The way I see it, people are failing to take into account one very important factor when they think about their carbon footprint: children. Every being is seen as having its own carbon footprint. Even when I look at green-oriented media, they talk about reducing one’s child’s carbon footprint, as if it’s the kid’s fault that they consume, even though they didn’t ask to be created. I think I have a pretty foolproof method for reducing a child’s carbon footprint: don’t have it.

Yep. I am almost positive that if the kid didn’t exist, it wouldn’t have a carbon footprint.

My thinking is that when you are choosing to have a child, you have to take responsibility of everything. That means the screaming, the bleeding, the torn vagina (even if it’s not yours, dad), the diapers, the grocery bill, the repainting of the hallway wall because you left the crayons out and went downstairs to change a load of laundry, the feeling you get when you watch him ride away on the school bus that first time, and yes, even his carbon footprint. Just think about what that little tyke is going to do to your eco-reputation for the first 18 years of his life while you’re responsible for him. It’s your fault the li’l guy is here, he couldn’t have done it on his own. It’s only fair that you accept the weight of your decision on your–make that our–environment.

Fewer children means less consumption, less emissions, less waste, less urban sprawl, less deforestation, etc. If what’s happening to the environment is a direct result of people, then why not have fewer people?

III: The Irony

A popular reason for changing the way we behave is to make the world a better, safer, longer-lasting place. Since adjusting our actions for a more ‘green’ outlook tends to have an immediate negative impact on our own convenience or quality of life, we like to think that what we are doing is not for us, but it’s for our children’s children’s children, and so forth. The irony there, of course, is that if the solution to a better world for our children’s children’s children is not to have children, then whose children are we making the world better for?

IV: The Solution

Adopt. Somewhere out there is a living human being that is already consuming. It’s a carbon footprint just waiting for someone to come along and take responsibility for it. Why create another consumer when you could give an existing one a better life, and make the world a better place in the process.
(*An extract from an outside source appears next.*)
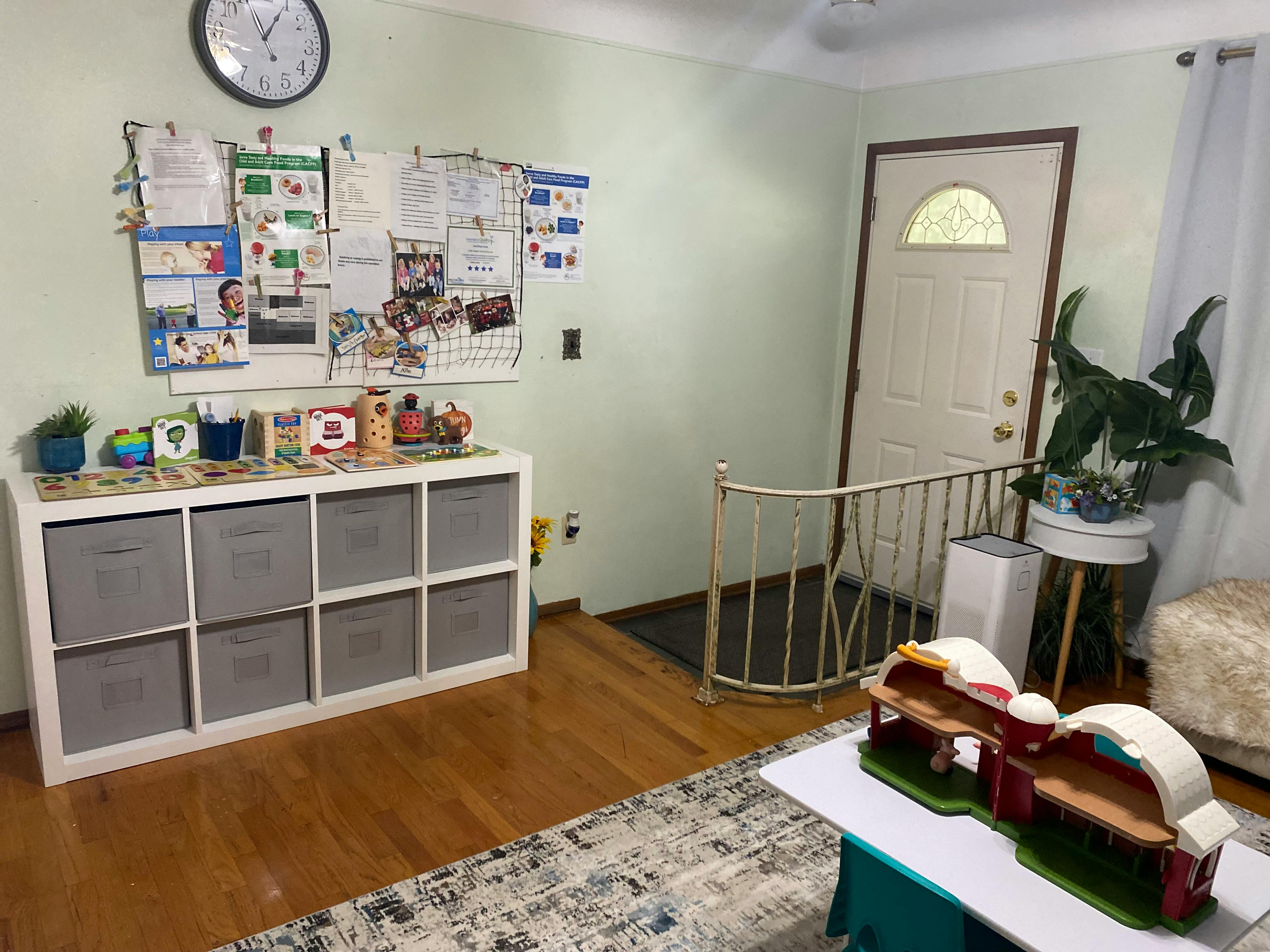 Storage unit with bins, bulletin board, and front door with railing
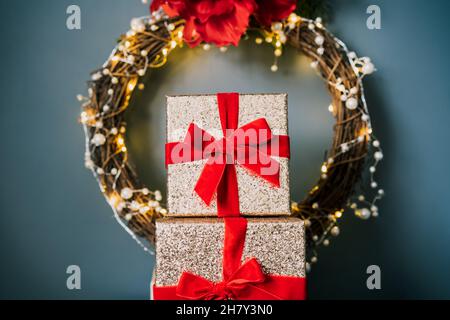 Close up tower of glittering golden gift boxes with velvet red ribbon on the elegant Christmas wreath background. Posh, luxury gifts packing. Festive Stock Photo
They could even grow up to adopt a little abandoned consumer of their own, and then you could have little grandkids of your own to take to Starbucks and feed full of sugar and caffeine before handing them back to your kiddo to drive them insane for the next 14 hours.

Creating a newborn consumer just because you want it to have your eyes or your lover’s nose is simply selfish.

V: The Aftermath

If you read all of this and you are already angry at me or you think you still want to create your own children, then my next opinion will probably do nothing short of make you livid:

The only people who should be allowed to make their own children are probably smart enough to know that they shouldn’t.

If you don’t believe me, go watch the first 15 minutes of Idiocracy.